Further, it is a controller for a continuous rolling mill, wherein the transfer function comprises a second-order lag element and a dead time element.
Furthermore, the control gain of the control system is a control device for a continuous rolling mill having proportional operation elements and integral operation elements. Further, it is a controller for a continuous rolling mill that uses the recursive least squares method for calculating the damping coefficient by the first parameter calculating means. A third aspect of the invention is calculated by the second parameter calculating means for calculating the parameter of the transfer function of the control system including the controlled object based on the input / output data for the controlled object, and the second parameter calculating means.
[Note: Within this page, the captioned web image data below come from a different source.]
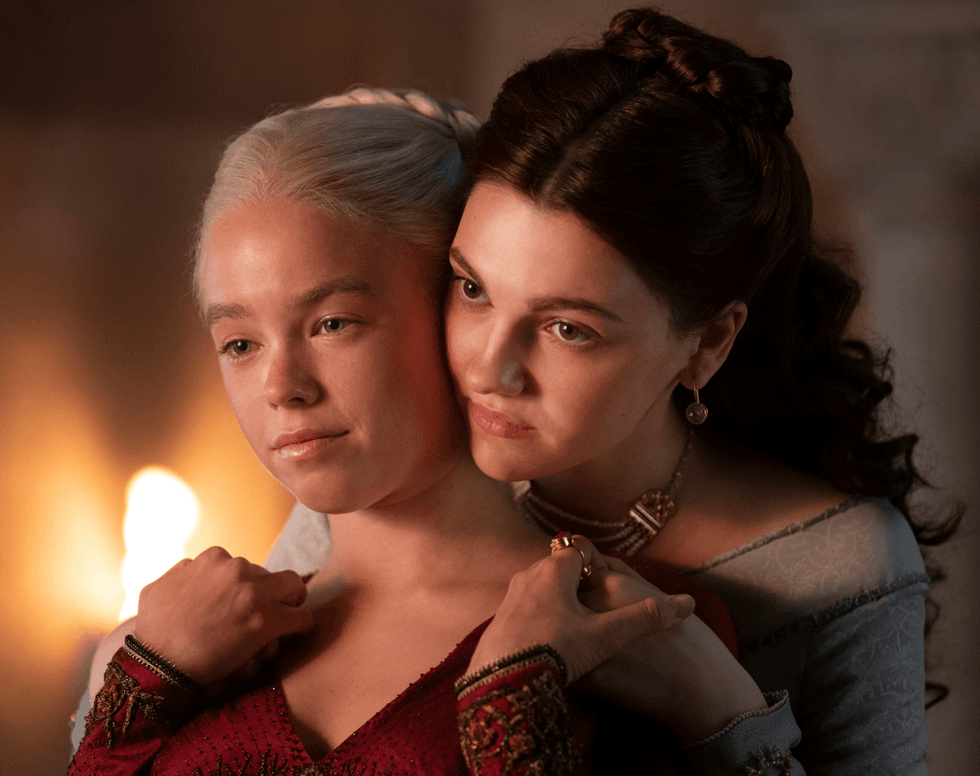 Young Alicent Hightower has her hands around young Rhaenyra Targaryen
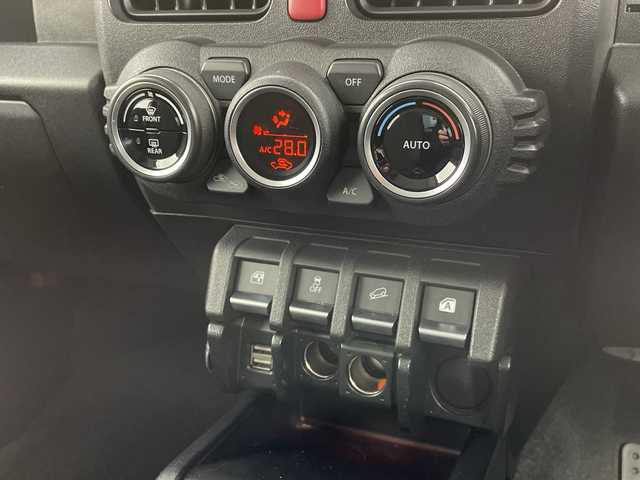 スズキ ジムニー XC 新潟県 2020(令2)年 4.3万km シフォンアイボリーM パートタイム４WD/スズキセーフティーサポート/・衝突軽減ブレーキ/・横滑り防止装置/・レーンキープアシスト/純正SDナビ/（CD/DVD/SD/BT/USB）/DELTAFORCEアルミホイール/フォグランプ/オートハイビーム/レザーステアリング/ステアリングスイッチ/前席シートヒーター/前後ドライブレコーダー/LEDヘッドライト/ETC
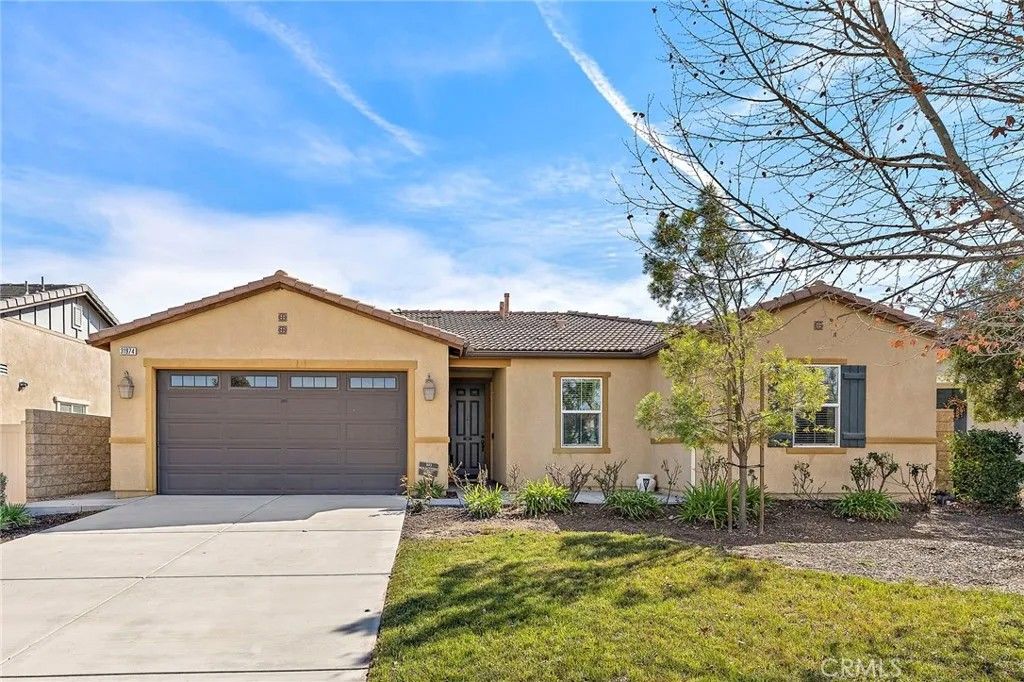 Photo of 31974 Eaton Ln, Menifee, CA 92584 (MLS # SW26038745)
A second setting of the control gain of the control system based on the correspondence relationship between the parameter and the previously stored parameter and the control gain
Control gain setting means. In order to achieve the above-mentioned second object, a fourth invention is to detect the position of a looper which gives a tension to a material to be rolled by a roller stand arranged in tandem, and based on the detected data, the roller of the stand is detected. In a controller of a continuous rolling mill having a control system for correcting the speed, second stability calculation means for calculating the stability of the looper position based on the detection data of the looper position, and the correction amount of the roller speed. And the stability calculated by the second stability calculation means exceeds the threshold value, and the third parameter calculation means calculates the parameter of the transfer function of the control system based on the detection data of the looper position. At this time, the control gain of the control system is set online based on the dynamic characteristic of the transfer function using the parameter calculated by the third parameter calculating means. And it is configured as a control device of a continuous rolling mill, characterized by comprising; and a third control gain setting means.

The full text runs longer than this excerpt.